But the National Farmers Union (NFU) is broadly supportive of the thrust of the proposed reforms which the European Commission will unveil next week, as reported yesterday in The Independent, which had access to a leaked copy of the commission's proposals.

Tony Blair welcomed the proposals and said in Parliament that if they went ahead the plans would form one of the most important reforms that Europe could make.

"If that is happening it is a big change of heart, both on the part of the European Community and the European Parliament, and is greatly to be welcomed," the Prime Minister said.

Jack Cunningham, the Agriculture minister, said: ``The CAP's flaws are manifest. It drives up prices for the consumer, it burdens farmers with bureaucracy, it imposes false production controls and is open to fraud. Quite simply it has got to change if we are to compete in the global marketplace. It is very good news to know that the commission is thinking along similar lines.''

The European Union wants to switch subsidies, from guaranteed, above- market prices, into direct payments to farmers. The cheques the farmers get will depend on how much livestock they have and how many acres they grow cereals on, but there will be a cut-off beyond which they will be given no more money.

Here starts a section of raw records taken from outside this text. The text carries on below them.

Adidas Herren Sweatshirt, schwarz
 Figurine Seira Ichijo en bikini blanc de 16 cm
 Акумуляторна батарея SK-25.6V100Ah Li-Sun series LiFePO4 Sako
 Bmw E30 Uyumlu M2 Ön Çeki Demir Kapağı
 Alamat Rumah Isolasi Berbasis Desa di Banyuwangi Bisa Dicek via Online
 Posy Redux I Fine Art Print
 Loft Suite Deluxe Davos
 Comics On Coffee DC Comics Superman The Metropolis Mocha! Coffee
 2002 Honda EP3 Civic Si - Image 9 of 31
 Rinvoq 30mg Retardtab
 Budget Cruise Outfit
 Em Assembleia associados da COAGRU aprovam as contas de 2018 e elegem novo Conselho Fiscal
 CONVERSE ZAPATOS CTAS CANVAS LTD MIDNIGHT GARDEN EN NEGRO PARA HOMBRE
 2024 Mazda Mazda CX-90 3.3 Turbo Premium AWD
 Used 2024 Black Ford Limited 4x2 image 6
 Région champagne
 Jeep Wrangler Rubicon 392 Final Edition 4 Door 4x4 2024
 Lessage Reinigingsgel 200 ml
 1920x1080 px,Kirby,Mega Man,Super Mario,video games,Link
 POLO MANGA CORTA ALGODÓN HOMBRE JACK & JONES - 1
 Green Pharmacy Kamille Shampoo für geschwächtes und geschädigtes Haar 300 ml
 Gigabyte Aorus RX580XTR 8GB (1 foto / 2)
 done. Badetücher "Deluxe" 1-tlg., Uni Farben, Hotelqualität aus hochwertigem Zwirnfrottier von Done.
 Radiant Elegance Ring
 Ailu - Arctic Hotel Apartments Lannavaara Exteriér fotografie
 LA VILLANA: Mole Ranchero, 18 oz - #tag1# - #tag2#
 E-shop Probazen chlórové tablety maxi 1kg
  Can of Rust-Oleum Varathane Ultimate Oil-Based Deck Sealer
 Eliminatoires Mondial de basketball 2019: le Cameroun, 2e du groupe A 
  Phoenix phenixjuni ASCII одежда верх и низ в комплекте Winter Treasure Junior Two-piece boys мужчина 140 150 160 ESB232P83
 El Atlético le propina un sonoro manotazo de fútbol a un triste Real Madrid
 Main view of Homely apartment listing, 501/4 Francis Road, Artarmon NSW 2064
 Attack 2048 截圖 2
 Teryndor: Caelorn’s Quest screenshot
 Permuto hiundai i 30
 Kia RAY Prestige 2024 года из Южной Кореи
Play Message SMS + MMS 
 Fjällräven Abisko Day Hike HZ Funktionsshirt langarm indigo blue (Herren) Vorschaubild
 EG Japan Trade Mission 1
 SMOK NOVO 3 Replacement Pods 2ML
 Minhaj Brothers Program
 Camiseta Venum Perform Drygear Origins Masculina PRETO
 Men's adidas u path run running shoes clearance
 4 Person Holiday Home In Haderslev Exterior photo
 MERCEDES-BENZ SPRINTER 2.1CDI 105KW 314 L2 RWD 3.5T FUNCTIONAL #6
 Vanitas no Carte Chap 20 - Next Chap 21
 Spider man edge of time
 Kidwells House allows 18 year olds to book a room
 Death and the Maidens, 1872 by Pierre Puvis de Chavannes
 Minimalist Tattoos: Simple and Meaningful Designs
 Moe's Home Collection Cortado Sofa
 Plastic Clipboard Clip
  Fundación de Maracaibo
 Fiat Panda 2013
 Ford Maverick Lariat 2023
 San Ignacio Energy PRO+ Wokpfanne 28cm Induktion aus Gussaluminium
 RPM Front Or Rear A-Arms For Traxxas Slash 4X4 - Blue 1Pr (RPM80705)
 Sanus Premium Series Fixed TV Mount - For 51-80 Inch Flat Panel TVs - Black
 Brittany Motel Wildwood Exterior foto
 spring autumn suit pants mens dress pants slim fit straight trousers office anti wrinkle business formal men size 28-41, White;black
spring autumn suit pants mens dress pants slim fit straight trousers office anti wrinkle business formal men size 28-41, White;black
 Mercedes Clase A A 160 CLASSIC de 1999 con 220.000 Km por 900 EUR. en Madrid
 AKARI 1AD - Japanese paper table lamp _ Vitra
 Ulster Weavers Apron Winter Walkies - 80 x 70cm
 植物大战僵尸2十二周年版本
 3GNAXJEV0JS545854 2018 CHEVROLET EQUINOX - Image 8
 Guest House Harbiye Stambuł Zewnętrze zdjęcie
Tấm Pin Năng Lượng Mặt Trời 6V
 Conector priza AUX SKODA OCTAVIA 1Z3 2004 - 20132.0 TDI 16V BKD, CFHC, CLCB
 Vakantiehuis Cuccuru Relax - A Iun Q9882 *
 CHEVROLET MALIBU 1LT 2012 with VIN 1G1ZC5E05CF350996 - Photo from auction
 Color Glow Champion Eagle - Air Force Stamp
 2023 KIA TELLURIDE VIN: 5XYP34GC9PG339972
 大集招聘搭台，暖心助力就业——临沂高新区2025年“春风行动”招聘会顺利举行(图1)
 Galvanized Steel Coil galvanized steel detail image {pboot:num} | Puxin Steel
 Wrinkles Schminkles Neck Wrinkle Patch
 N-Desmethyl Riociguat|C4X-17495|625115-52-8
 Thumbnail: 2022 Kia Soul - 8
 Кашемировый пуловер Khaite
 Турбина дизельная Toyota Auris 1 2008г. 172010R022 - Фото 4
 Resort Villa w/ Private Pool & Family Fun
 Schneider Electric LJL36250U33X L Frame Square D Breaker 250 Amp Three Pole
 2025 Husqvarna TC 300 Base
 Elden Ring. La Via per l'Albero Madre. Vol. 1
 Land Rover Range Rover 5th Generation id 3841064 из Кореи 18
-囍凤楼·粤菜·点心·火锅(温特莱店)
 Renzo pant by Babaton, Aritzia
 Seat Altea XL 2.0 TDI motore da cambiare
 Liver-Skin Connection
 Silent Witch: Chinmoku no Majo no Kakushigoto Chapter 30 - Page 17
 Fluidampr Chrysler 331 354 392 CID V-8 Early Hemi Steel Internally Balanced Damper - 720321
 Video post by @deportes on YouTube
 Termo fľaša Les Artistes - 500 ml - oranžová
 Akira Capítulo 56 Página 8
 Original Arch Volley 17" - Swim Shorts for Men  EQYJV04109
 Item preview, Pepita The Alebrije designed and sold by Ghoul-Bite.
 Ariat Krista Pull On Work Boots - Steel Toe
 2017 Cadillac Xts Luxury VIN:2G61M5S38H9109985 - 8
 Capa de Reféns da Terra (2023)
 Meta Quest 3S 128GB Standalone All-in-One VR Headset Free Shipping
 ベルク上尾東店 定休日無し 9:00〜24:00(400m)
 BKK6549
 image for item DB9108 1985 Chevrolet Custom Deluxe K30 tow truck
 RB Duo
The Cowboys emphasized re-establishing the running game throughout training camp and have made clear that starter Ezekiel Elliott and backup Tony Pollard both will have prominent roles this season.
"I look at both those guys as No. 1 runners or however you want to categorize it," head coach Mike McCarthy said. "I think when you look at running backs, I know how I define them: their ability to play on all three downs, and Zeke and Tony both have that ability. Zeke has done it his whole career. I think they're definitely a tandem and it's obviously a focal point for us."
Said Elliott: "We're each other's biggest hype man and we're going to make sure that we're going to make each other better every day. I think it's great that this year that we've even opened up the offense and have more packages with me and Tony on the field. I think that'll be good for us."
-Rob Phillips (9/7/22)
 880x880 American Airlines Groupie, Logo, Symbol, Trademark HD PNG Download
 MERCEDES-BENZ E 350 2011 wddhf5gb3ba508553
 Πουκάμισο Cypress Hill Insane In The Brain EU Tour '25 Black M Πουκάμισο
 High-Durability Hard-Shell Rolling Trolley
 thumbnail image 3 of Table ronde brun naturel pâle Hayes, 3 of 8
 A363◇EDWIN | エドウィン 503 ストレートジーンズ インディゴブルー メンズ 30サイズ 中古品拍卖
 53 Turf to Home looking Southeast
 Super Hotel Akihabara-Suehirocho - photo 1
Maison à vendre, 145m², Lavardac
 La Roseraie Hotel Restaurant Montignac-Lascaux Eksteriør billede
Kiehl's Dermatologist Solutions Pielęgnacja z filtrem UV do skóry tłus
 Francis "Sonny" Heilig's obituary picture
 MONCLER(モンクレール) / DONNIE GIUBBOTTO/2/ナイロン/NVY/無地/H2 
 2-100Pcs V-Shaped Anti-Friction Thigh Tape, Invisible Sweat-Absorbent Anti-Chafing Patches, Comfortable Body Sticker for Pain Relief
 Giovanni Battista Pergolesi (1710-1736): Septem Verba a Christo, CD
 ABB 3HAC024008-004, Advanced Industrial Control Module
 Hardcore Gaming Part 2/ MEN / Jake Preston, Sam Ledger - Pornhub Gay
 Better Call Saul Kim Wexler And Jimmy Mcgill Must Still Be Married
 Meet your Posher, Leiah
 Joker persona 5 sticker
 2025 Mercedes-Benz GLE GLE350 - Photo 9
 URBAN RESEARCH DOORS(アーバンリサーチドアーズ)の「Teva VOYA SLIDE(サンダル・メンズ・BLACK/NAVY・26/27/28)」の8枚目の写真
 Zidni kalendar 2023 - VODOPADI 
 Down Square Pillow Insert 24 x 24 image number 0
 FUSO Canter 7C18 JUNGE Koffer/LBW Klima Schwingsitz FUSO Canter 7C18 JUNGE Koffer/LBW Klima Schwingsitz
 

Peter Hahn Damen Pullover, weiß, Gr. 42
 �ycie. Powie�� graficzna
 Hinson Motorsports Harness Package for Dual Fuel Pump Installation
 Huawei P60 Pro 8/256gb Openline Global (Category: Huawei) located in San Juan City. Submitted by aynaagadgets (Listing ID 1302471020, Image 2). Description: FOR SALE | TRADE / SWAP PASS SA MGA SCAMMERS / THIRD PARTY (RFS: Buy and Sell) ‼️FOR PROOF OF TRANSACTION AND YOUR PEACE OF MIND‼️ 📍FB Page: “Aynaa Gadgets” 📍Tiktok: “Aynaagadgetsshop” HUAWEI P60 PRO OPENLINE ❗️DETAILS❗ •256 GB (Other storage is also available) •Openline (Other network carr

British farms are much larger than most farms on the Continent. The average dairy herd in the United Kingdom consists of 70 cattle, while the EU average is slightly more than 20. The average cereal holding in Britain is 46 hectares, while in the EU, as a whole, the figure is 10.

Thus, if the cut-off point is set fairly low, a very large proportion of UK farmers could see their subsidies fall.

The NFU will not respond officially until the proposals are published next week.

But the president of the union, Sir David Naish, told BBC Radio 4: ``I am concerned if there are constraints on the more efficient - British agriculture is among the more efficient, the more competitive - to benefit the less efficient.''

The NFU is also worried at the proposal for a large chunk of the subsidies to be made at the discretion of national governments.

With a Labour government in power with a hefty majority, UK farmers fear they will have far less influence on ministers in winning national subsidy than will their counterparts in France and Germany.

``Overall, however, we support the direction of these reforms and have been arguing for them for the past five years,'' said another NFU official.

The union believes farmers should get the world-market price for what they grow, with subsidies in the form of direct payments. It also supports the end to "set-aside" - paying farmers to leave crop fields idle - for which the commission is calling.

The question which such a switch to direct payments raises is, what should farmers actually have to do, if anything, to qualify for them?

The argument for farm subsidies across Europe is that they are needed to prevent the countryside from becoming depopulated and run-down, and to conserve treasured rural landscapes.

Without them, it is said, farmland will either be deserted or converted to monotonous, prairie-style landscapes. Thus the aim of the reforms is to slow down agricultural intensification, if not to halt it.

Yet the European Commission is not, as yet, envisaging any specific requirements for farmers to conserve a particular landscape or habitat, or to employ a certain number of people, in order to qualify for the direct payments.